_AVAILABLE DATA:_
=== Begin Enclosure ===
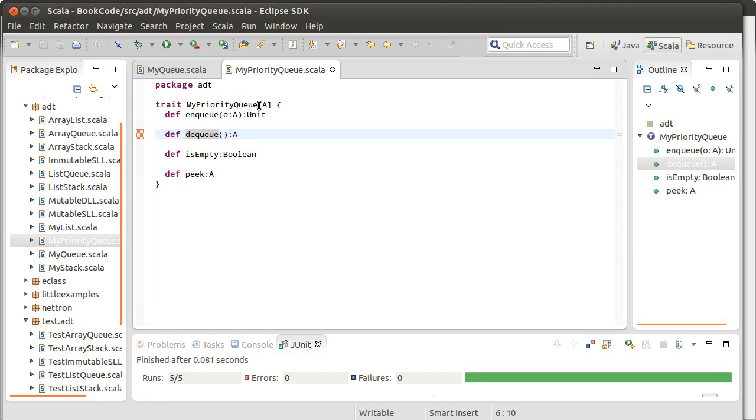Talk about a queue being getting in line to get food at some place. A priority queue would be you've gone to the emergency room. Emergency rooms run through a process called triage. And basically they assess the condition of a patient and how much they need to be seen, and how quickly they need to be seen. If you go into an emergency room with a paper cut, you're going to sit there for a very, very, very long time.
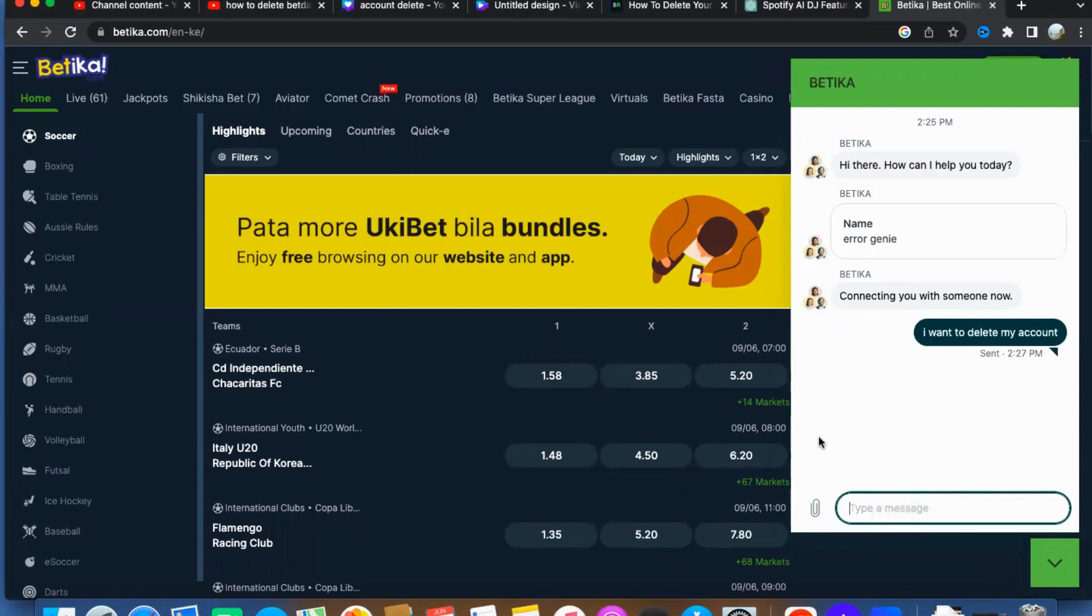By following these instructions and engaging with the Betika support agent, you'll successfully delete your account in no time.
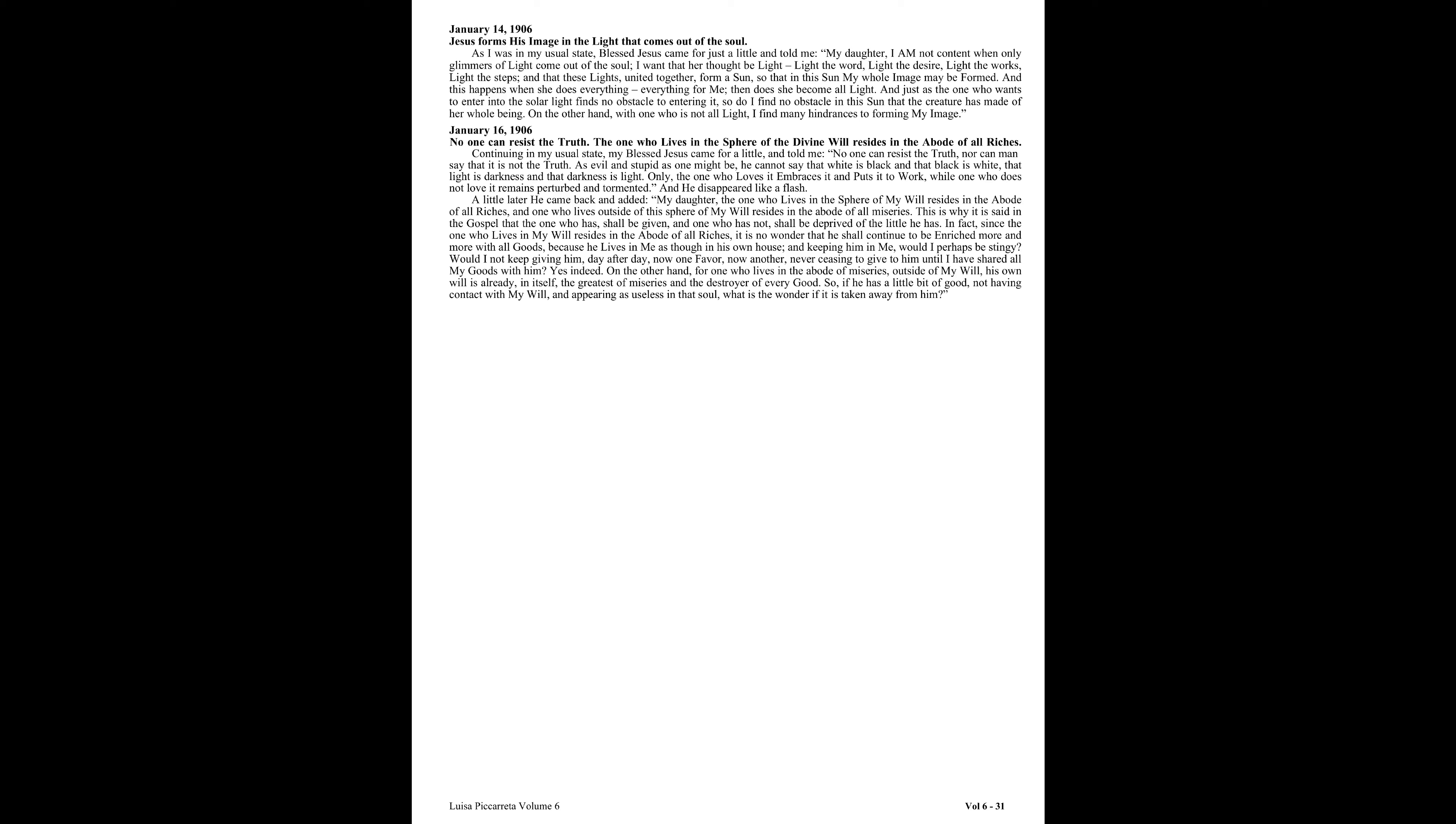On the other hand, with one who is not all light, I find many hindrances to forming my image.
=== End Enclosure ===
=== Begin Enclosure ===
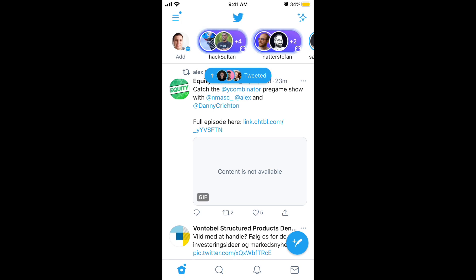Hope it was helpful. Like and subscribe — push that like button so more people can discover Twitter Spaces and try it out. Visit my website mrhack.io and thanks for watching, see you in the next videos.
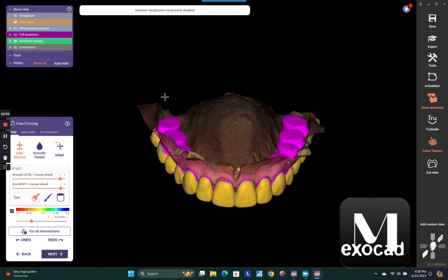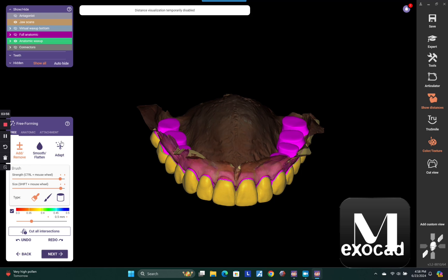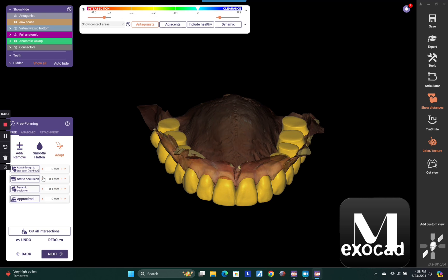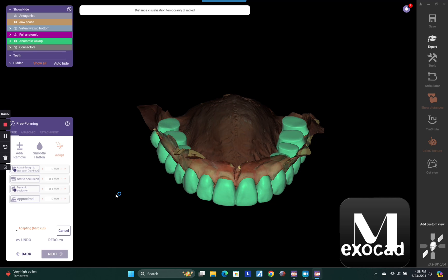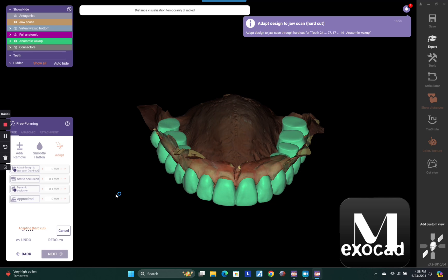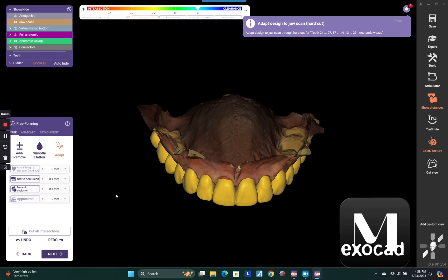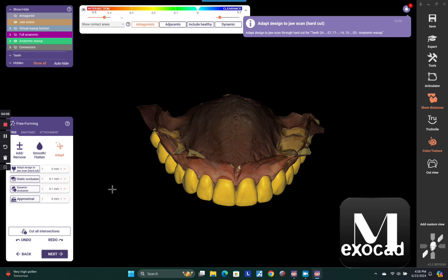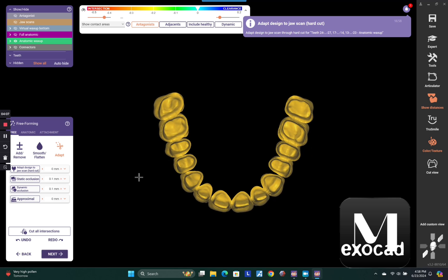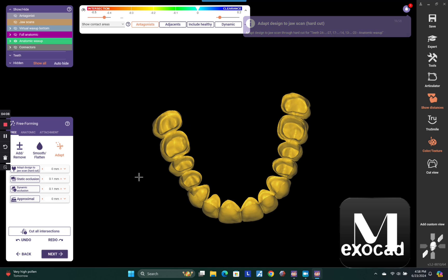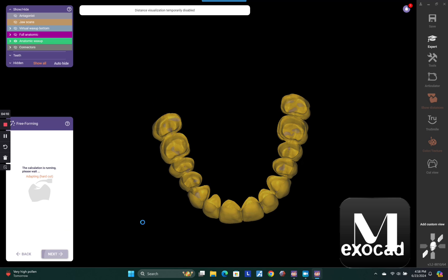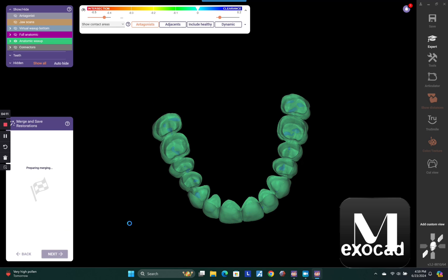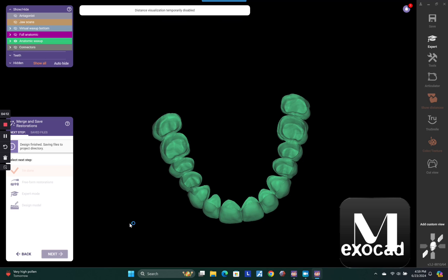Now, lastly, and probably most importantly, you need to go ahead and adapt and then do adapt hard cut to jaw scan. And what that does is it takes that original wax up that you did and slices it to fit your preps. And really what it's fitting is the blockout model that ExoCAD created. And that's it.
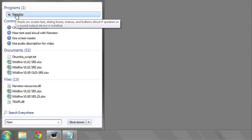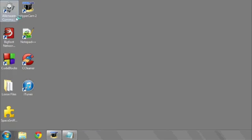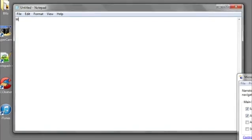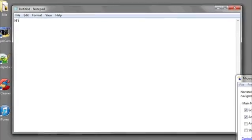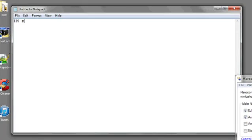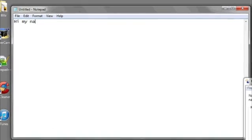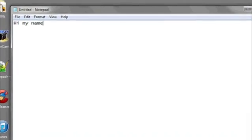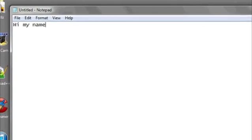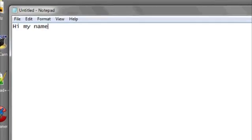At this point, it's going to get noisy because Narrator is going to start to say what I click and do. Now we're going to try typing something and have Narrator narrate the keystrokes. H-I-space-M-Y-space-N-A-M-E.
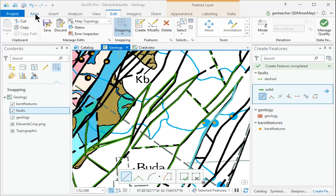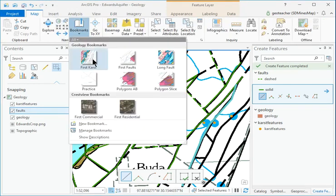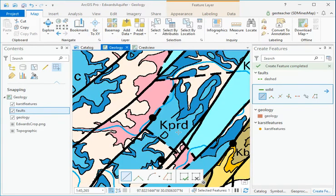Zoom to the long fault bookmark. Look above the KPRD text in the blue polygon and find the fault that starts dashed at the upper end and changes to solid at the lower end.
=== End Enclosure ===
_REQUIREMENT:_ Take only the lines above from the one that has "Hope it was" through the one that has "Zoom to the" and reproduce them exactly, omitting any pictures.

_SOLUTION BELOW:_
Hope it was helpful. Like and subscribe — push that like button so more people can discover Twitter Spaces and try it out. Visit my website mrhack.io and thanks for watching, see you in the next videos.
Now, lastly, and probably most importantly, you need to go ahead and adapt and then do adapt hard cut to jaw scan. And what that does is it takes that original wax up that you did and slices it to fit your preps. And really what it's fitting is the blockout model that ExoCAD created. And that's it.
At this point, it's going to get noisy because Narrator is going to start to say what I click and do. Now we're going to try typing something and have Narrator narrate the keystrokes. H-I-space-M-Y-space-N-A-M-E.
Zoom to the long fault bookmark. Look above the KPRD text in the blue polygon and find the fault that starts dashed at the upper end and changes to solid at the lower end.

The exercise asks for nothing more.